Weinschenk: What did your recent study find?
White: We're looking at IP telephony systems that phone companies use. [These derive from] PBXes for enterprise or key systems for small businesses, both of which have transformed to the IP version. In the case of the SMB market, these are businesses with up to 500 employees, all primarily U.S.-focused, though we had some analysis outside the U.S. that had similar results. The headline is that over the next five years for the SMB market, revenue will grow 47 percent per year. If you look at revenue growth for the underlying systems on which they run, that growth has been leveling off at 16 percent per year. Companies have been migrating from traditional phone systems to IP telephony for at least five years now. So the huge growth in that area has already occurred. If I look back for five years, growth on the systems side is 80 percent per year. We're sort of past the peak growth period. We are just entering the peak growth period for the applications.
Weinschenk: What kind of applications are fueling the growth?
White: The term that is sort of becoming the broad term for these applications is unified communications. It covers several areas of applications. Four we highlight are messaging, a category we refer to as collaboration, personal productivity and mobility. I think the real critical question here is why business would invest in these applications. The key is if the vendors can show how their customers can derive business value from those applications. It's not simply enough to say, "Wouldn't it be great when you're getting ready to contact an associate to look at your PC and determine if they are available and, if so, what's the best way to reach them: phone, IM or e-mail? Or if I'm on the road, can I reach them through cell phones?" That's nice, but what does it do for my business?
The question is which employees could use those capabilities to change the way we do business. Let's take salespeople, for example. Can I increase the productivity of sales - which means higher revenue. It also means potentially higher customer satisfaction. When a customer calls, can I use those applications to more quickly find a person who could answer the question in one call instead of saying, "Let me have someone call you back." These are all ways of changing and improving the way you do business, improving the customer experience. That's where the applications are going to be sold.
Weinschenk: Do the SMBs see the actual value, or is looking at the underlying value an exercise mostly done by enterprises?
White: We're going to be publishing the equivalent report in the over 500-employee market in November. I think the key difference is the channels that serve the vendors and therefore deliver this business value message.

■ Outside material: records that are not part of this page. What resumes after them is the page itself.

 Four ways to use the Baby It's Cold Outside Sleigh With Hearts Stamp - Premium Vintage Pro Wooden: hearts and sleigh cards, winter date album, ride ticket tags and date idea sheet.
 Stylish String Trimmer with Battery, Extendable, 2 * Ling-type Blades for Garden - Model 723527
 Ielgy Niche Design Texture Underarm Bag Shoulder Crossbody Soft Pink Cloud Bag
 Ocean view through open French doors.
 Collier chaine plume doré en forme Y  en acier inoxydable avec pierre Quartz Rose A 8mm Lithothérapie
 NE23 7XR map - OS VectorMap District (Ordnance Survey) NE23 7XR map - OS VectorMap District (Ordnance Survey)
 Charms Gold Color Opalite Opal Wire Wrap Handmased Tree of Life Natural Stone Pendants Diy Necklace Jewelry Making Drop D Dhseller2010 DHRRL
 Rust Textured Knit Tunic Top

I think the larger channels are further along the learning curve on how to sell business value than the smaller sales channels that might be selling to SMBs. The research we've done shows if you look from an overall average standpoint, it's up in the 60 percent range in both cases. You really have a strong belief that applications really can deliver business value. So the perception is there in both the SMB and enterprise.

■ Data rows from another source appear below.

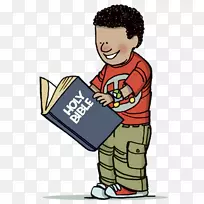 圣经故事儿童圣经研习夹艺术男孩阅读剪报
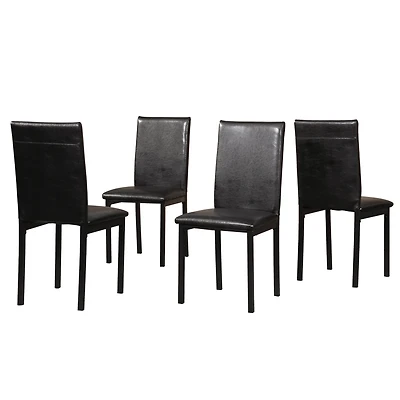 Streamdale Furniture Faux Leather Seat Metal Frame Dining Chairs, Set of 4, Black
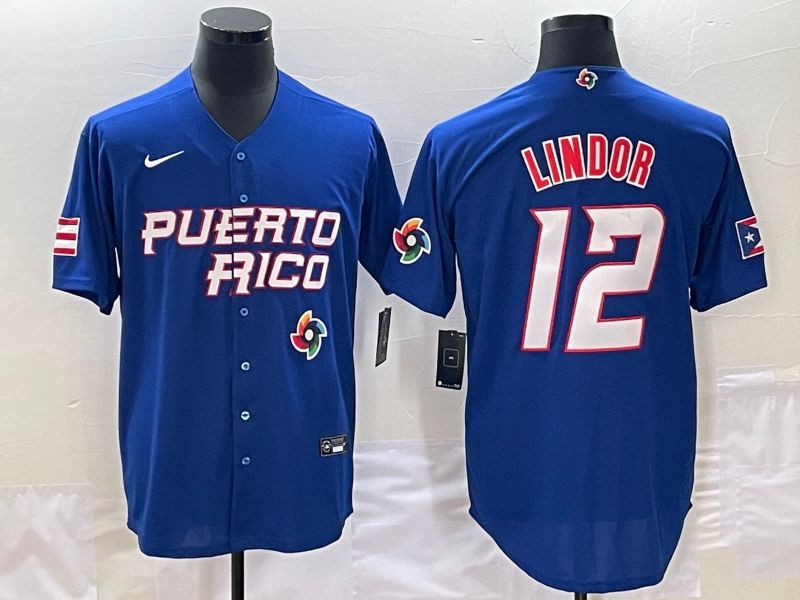 Men 2023 World Cub Puerto Rico 12 Lindor Blue Nike MLB Jersey9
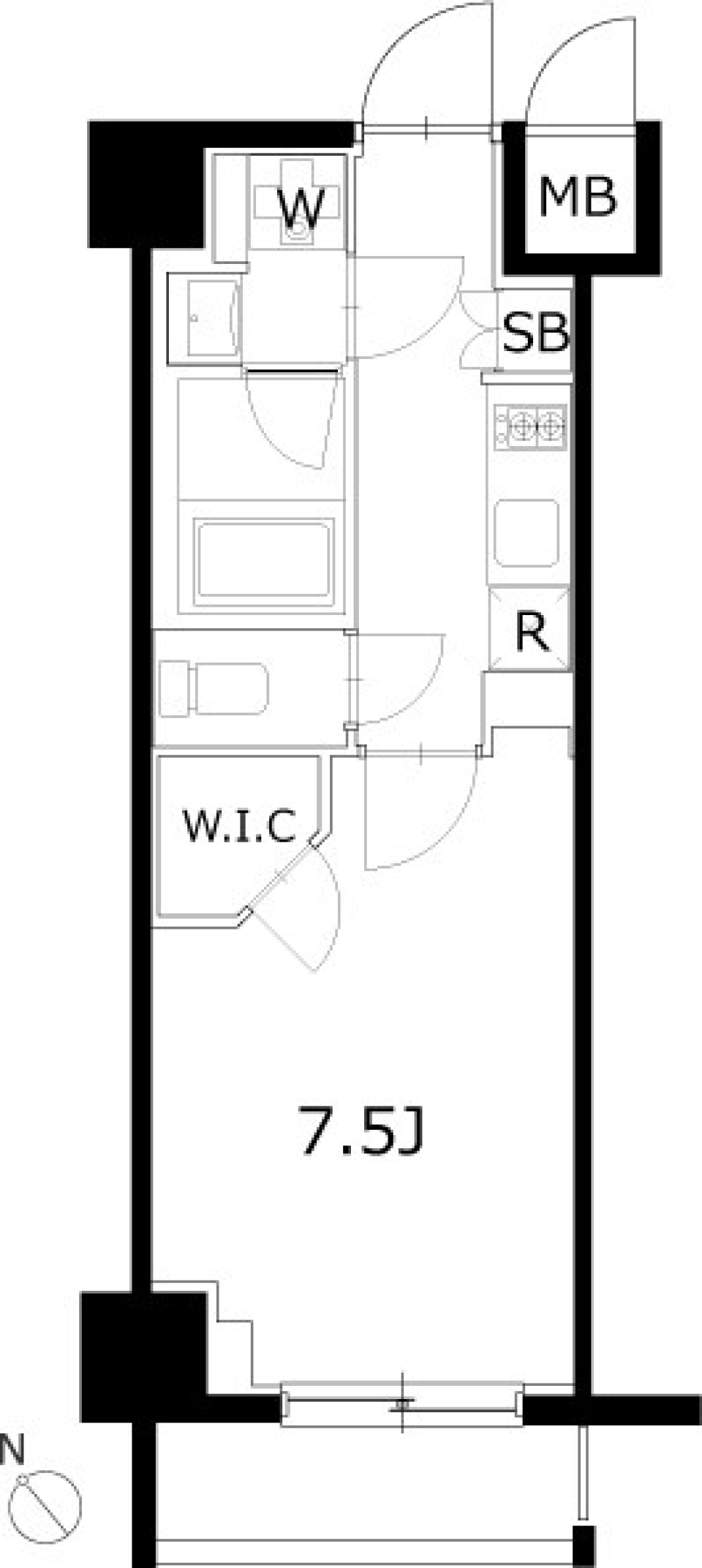 ケーディーエックスレジデンス豊洲　５１２号室の間取り図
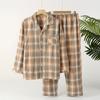 MUJ Muji Pijama de Pareja Gasa Lavada Algodón Puro Manga Larga Primavera Otoño Verano Fino Buena Ropa de Casa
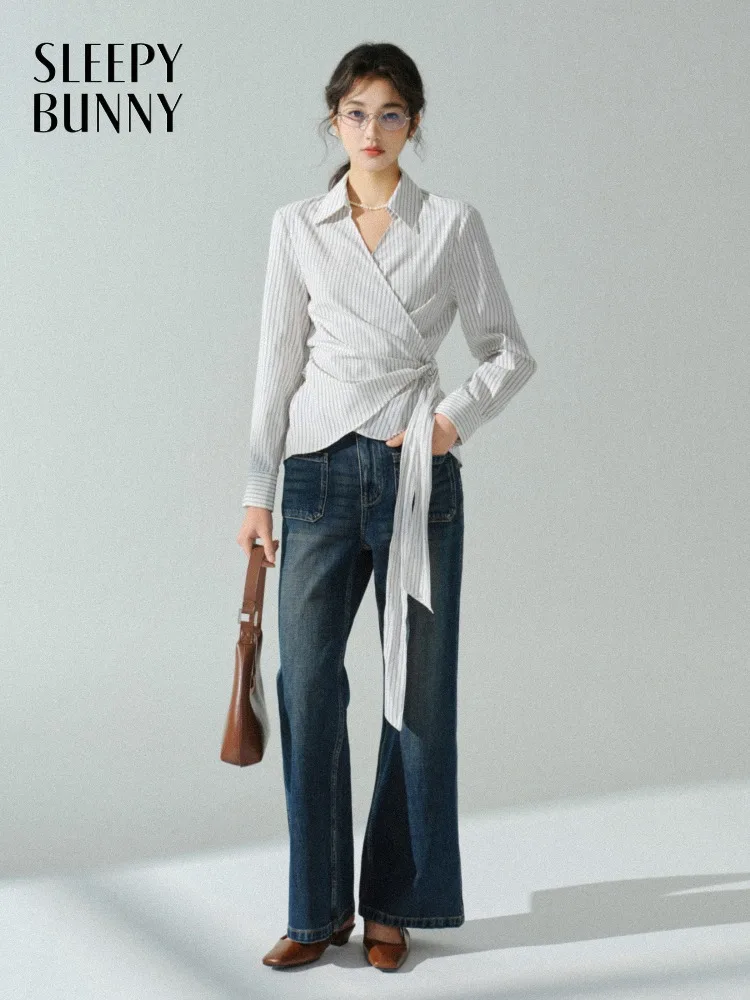 

Элегантная полосатая блузка для женщин, облегающая рубашка с длинным рукавом и завязкой на талии, повседневный модный топ для осени, офиса и повседневной носки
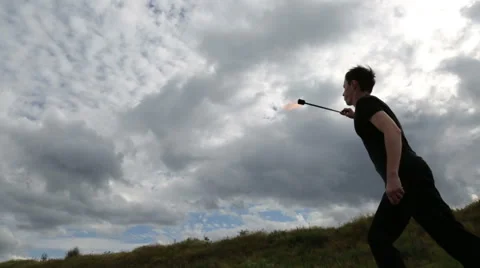 The fire eater, spitting fire Stock Footage 67961186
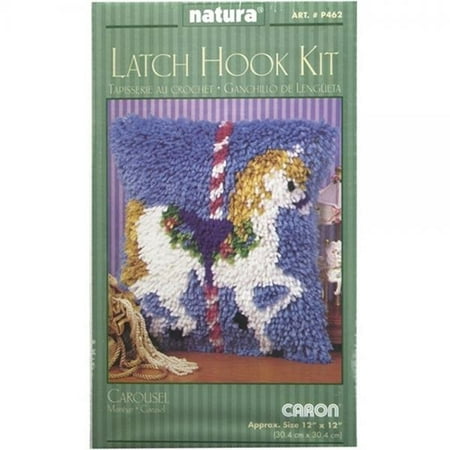 Caron Rug Kits - Caron Natura Latch-Hook Kit, Carousel, 12 X 12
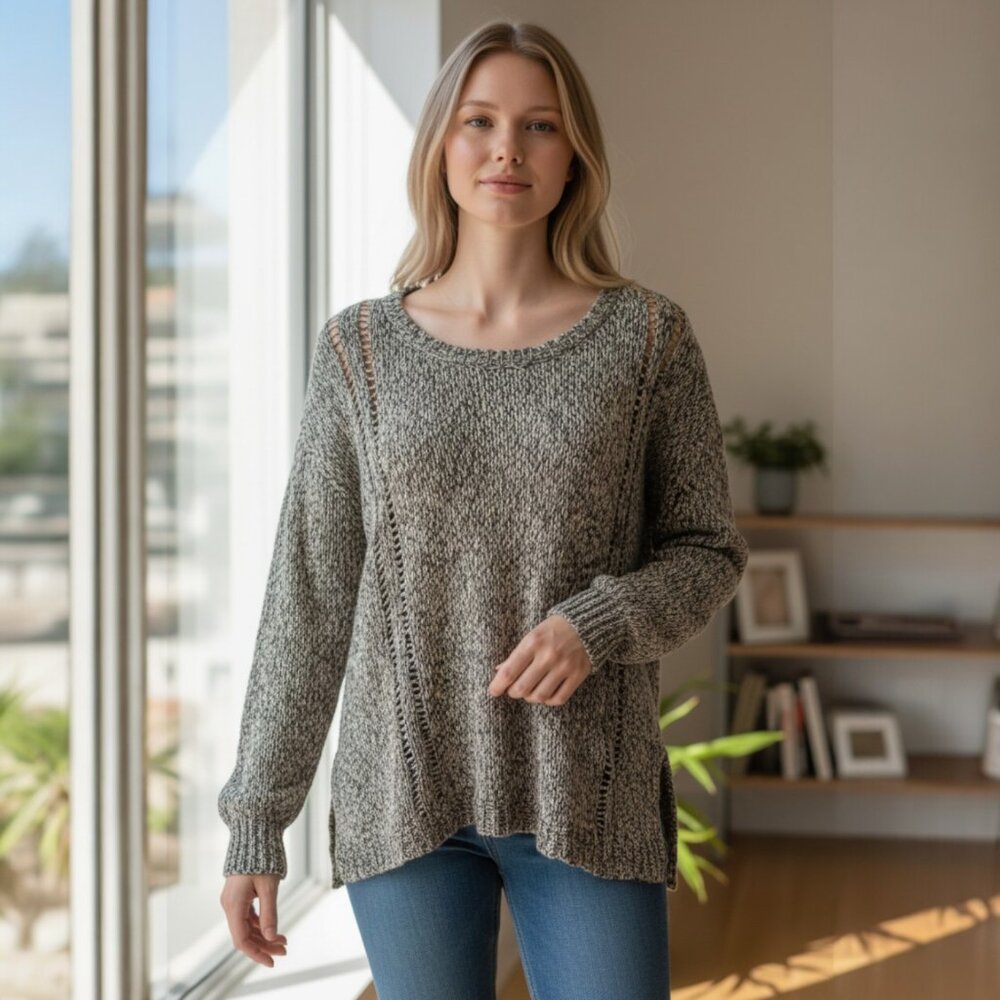 Hinge textured Knit Sweater with Open Stitch Detail — Size S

The question is on acting on that perception, knowing where to go and how to do it, what business processes are and how to "get me there." Some of the larger enterprises in certain industries sort of have that vision, but a lot don't. Certainly SMBs are looking for vendors that can help show them the applications and how to use them to drive business value. They clearly believe that it can be done but they need help to know specifically what the apps are and where it will work in their industry.